My thoughts turned to the fall of 1957 when, as a boy living in a small town in northern Illinois, a ten-year-old named Hector gave me my first lesson in relative poverty. Hector's parents were poor migrant farm workers from Mexico, in town for a few months to help harvest crops. During the time that his parents worked, Hector and his younger sister were enrolled in school. Hector's English wasn't very good, and his family's seasonal migration pattern had kept him well behind the academic level of the fourth-grade class. The tall, bronze-colored Hector sort of naturally gravitated into friendships with the half-dozen African Americans at the school: soul people, bonded through our poverty and our brown skins. One day, in the middle of the term, as suddenly as he had arrived, Hector was gone. I never saw or heard from him again. Many times I have pondered what became of Hector and his sister.
I hid my face from my friends as a tear traced its way down my cheek. Abruptly, my thoughts were interrupted as Nick braked and the shadowy figure of a woman darted across the highway. Then there was a man, then another. Suddenly, we were in a traffic jam: it was a checkpoint of the U.S. Immigration and Naturalization Service (INS). Officers were more or less randomly stopping cars to check for undocumented immigrants. I knew we would be checked. Our van was sprinkled with an assortment of brown skins, and the driver was of Mexican ancestry.
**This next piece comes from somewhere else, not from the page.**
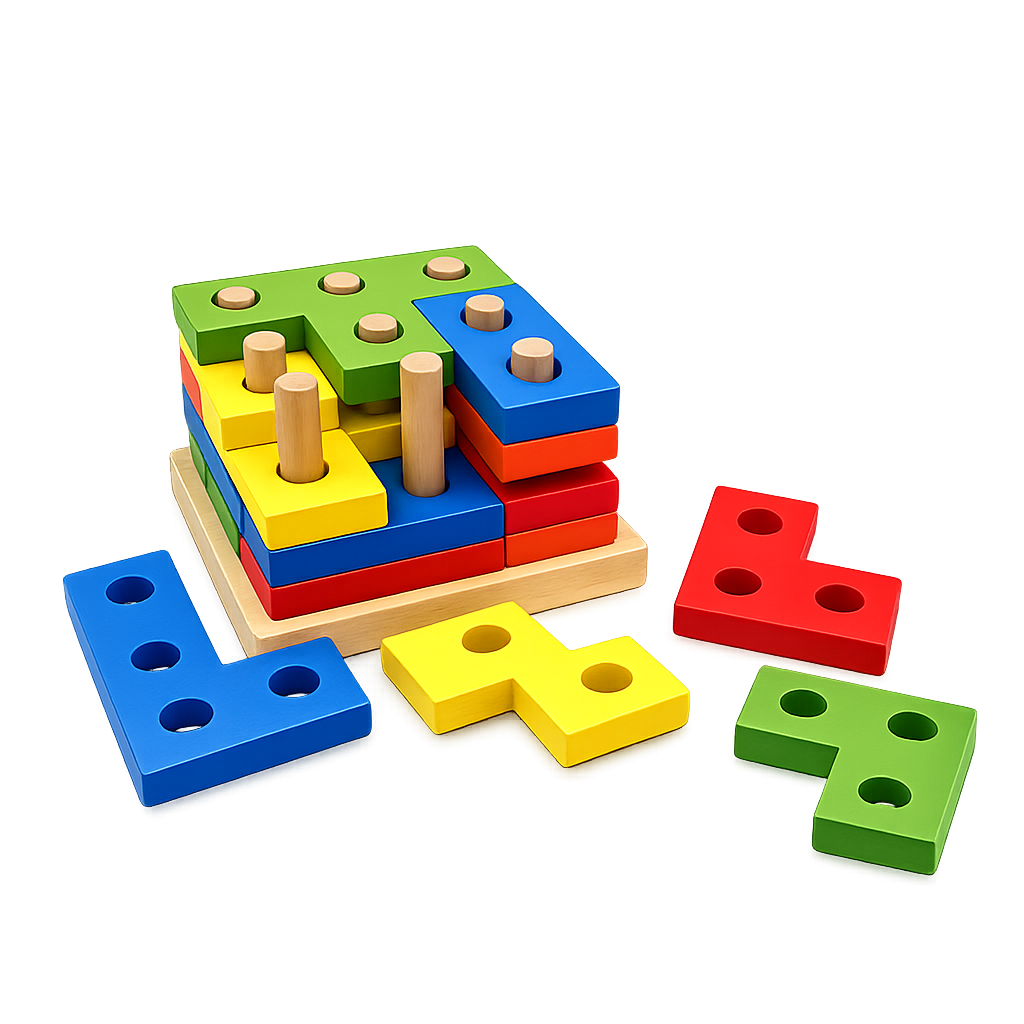 Montessori Wooden Peg Puzzle Stacking Board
After the check, we continued our journey to San Diego in silence. My thoughts remained with the desperate human beings trying to evade the INS, and I wondered if they experienced feelings similar to those my ancestors must have felt running from slave patrols under cover of night in antebellum America. I felt very close to these Mexicans who were making a desperate and daring bid for a better life. Surely there had to be a better way to manage immigration policy.
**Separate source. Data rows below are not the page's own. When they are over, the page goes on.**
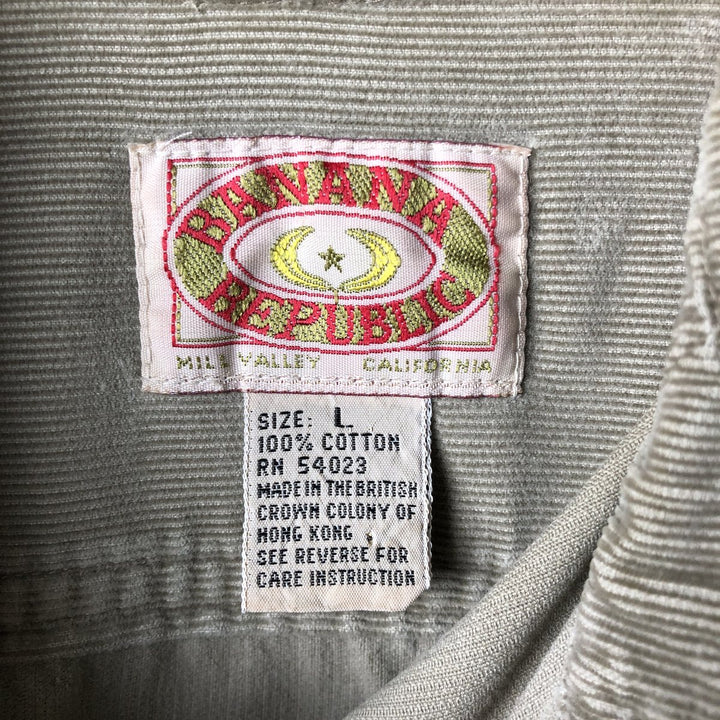 Vintage 1980'S Banana Republic long-sleeved corduroy shirt, size L, men's cotton Khaki type Vintage Second Hand
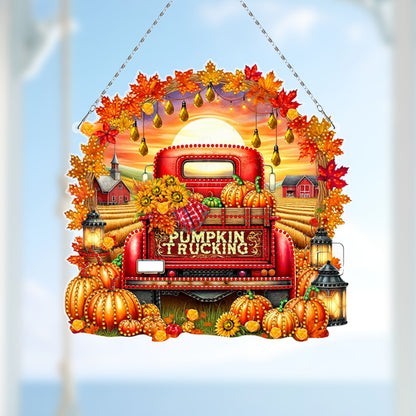 Fall Truck Theme 2D/Flat DIY Diamond Art Pendant Wall Decor for Home & Windows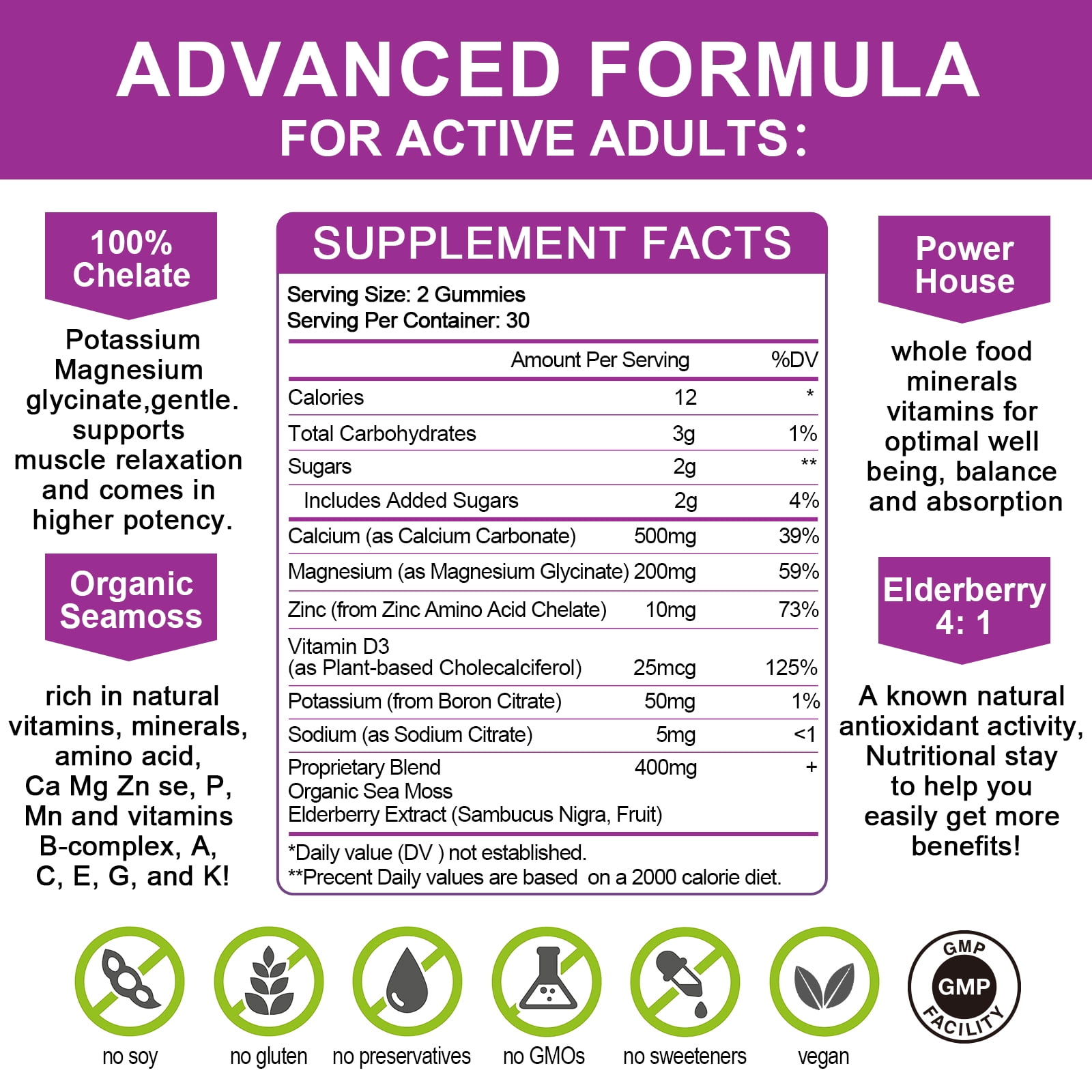 (2 Pack)Calcium Magnesium Zinc Gummies, Supplement for Bone, Muscles, Mood & Sleep Support,120 Count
A few days later, back in suburban Washington, D.C., I drove into a housing development under construction. The carpenters, bricklayers, and assorted laborers were busily at work. All the supervisors were white men, and all the others were Latino men. I instantly thought of the hundreds of African American men and women I had just seen milling about on the streets of Washington. And I thought of all the historical and social science work I had read and done concerning the vicious discrimination against African Americans by the construction industry in the United States. Why were all the supervisors white men, all the workers Latinos? Where were the African Americans and women? At that moment, I knew the meaning of ambivalence.
RACE, IMMIGRATION, AND THE DISCOURSE OF AMBIVALENCE
Few contemporary topics evoke more conflicted attitudes than does immigration. Many Americans may feel compassion for Florida-bound Cubans and Haitians braving the Atlantic in small boats, for hard-working Vietnamese immigrants whose life savings and livelihood went up in flames when their fishing boats were bombed during a dispute with Texas fishermen; but the same people may be apprehensive about the consequences of immigration for their own livelihoods and for the stability of "their" cultural and social institutions.
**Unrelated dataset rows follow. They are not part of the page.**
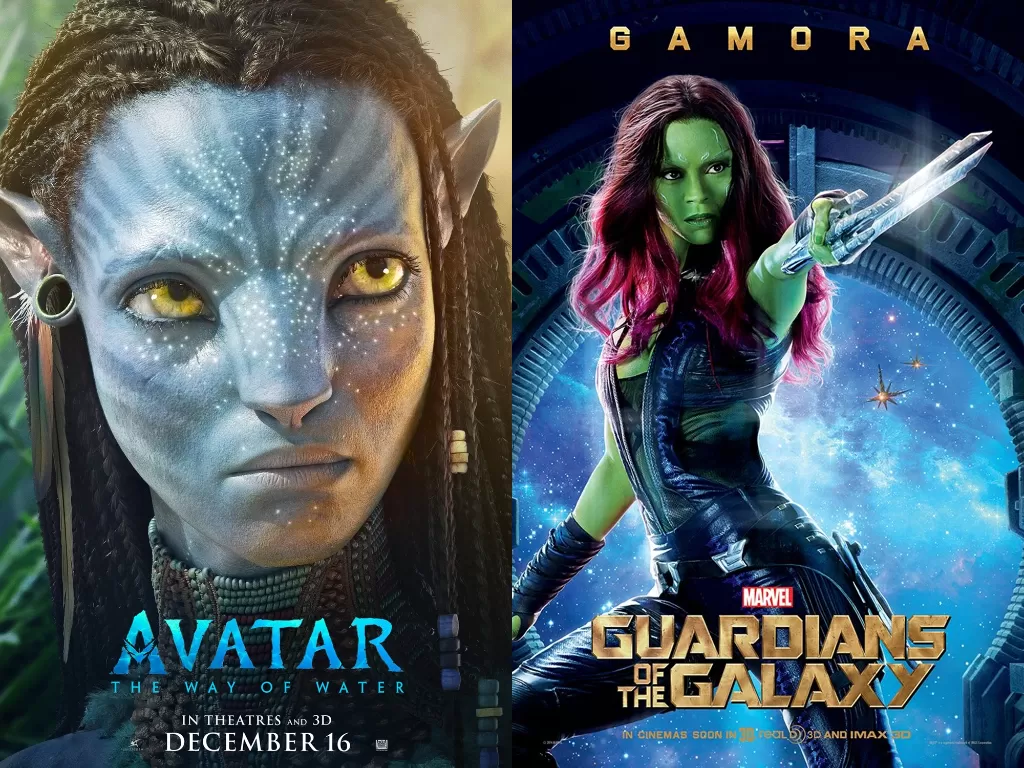 Perbedaan karakter Neytiri dan Gamora yang diperankan Zoe Saldana. (Imdb)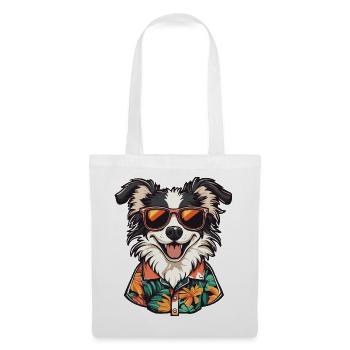 Vacances de bandes dessinées Border Collie Dog - Sac en tissu - blanc - Devant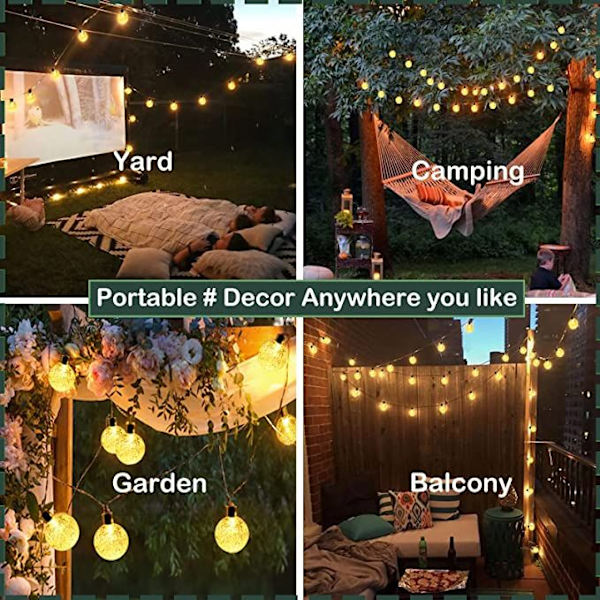 5M solcells drivna ljusslingor, 20 LED ljusslingor gardin utomhus- och inomhusdekoration, för julbröllop fönster balkong trädgårdsfest
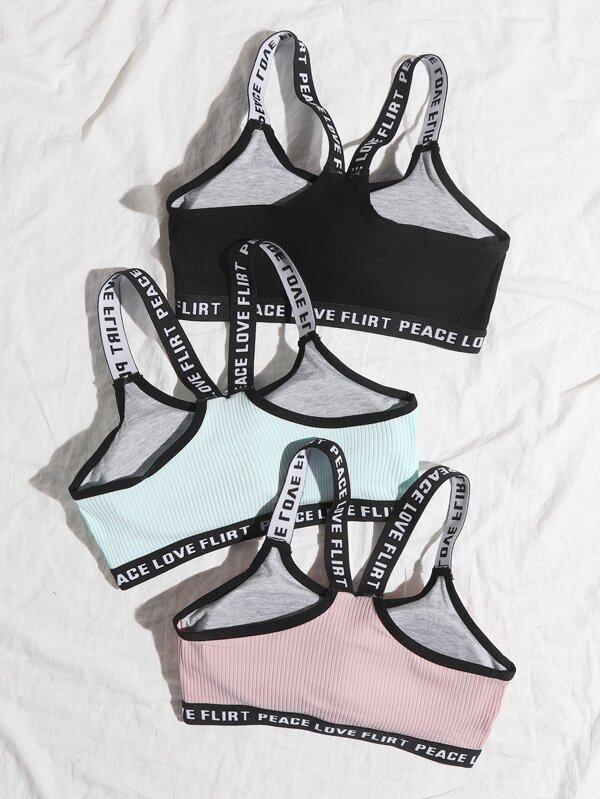 3pack Rib Letter Tape Bra Set - INS | Online Fashion Free Shipping Clothing, Dresses, Tops, Shoes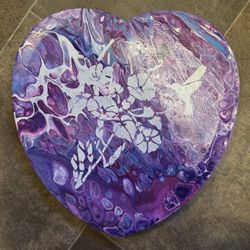 12" Abstract Floral Heart Shaped Painting By Me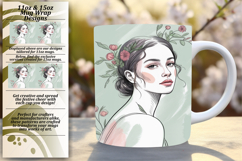 Charming 11oz Mug Wrap Png Template , Beauty Woman Product Image 1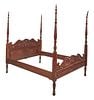 Four-Post Bed frame: Four-post bed frame with carved headboard and footboard, decorative finials and turned posts height 85.5 in x width 65 in. x depth 87 in. Provenance: Property from a home in Galveston, Texas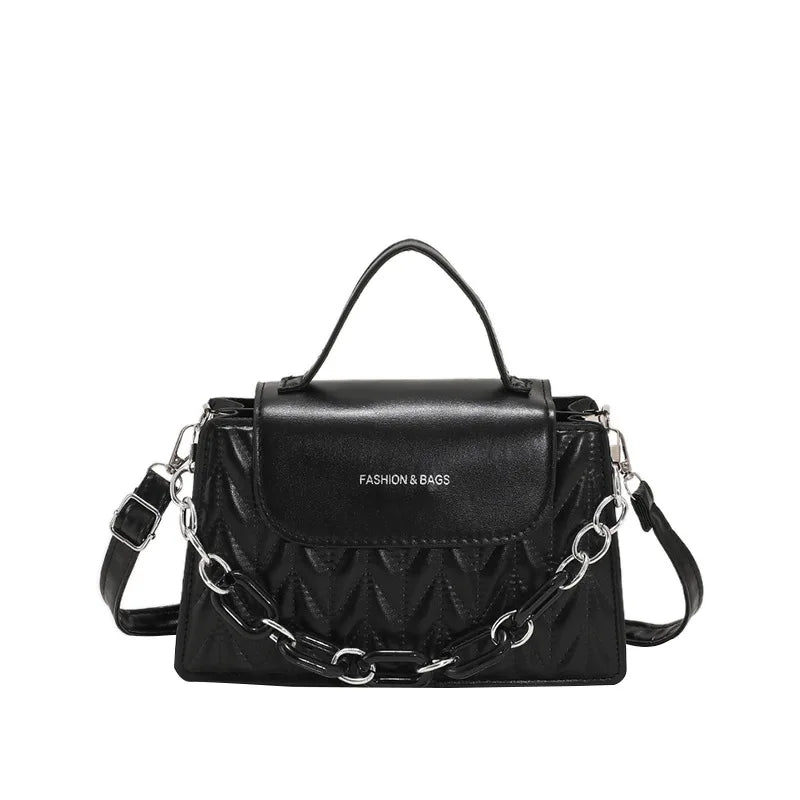 Summer Chain Women Shoulder Bags Solid Female Handbag Retro Square Bag Orange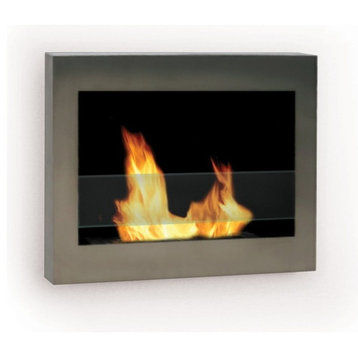 SoHo Wall Mount Ethanol Fireplace, Stainless Steel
Such ambivalence poses dangerous risks for a democratic society. Frequently, people with conflicted attitudes either suppress the less salient, popular, or economically expedient attitude or they remain silent, leaving public debate and policy-making to the less ambivalent. Public debate diverges to extreme positions, and elected officials dismiss the search for a middle position that may exist but will be nearly impossible to discern given the complexity of voters' opinions and the simplicity of public debate and opinion poll questions. A chilling effect on free discourse may result. Individuals and organizations may remain silent because of anxiety toward their own conflicted attitudes and the possibility that raising certain issues may identify them with more extreme and personally repugnant viewpoints.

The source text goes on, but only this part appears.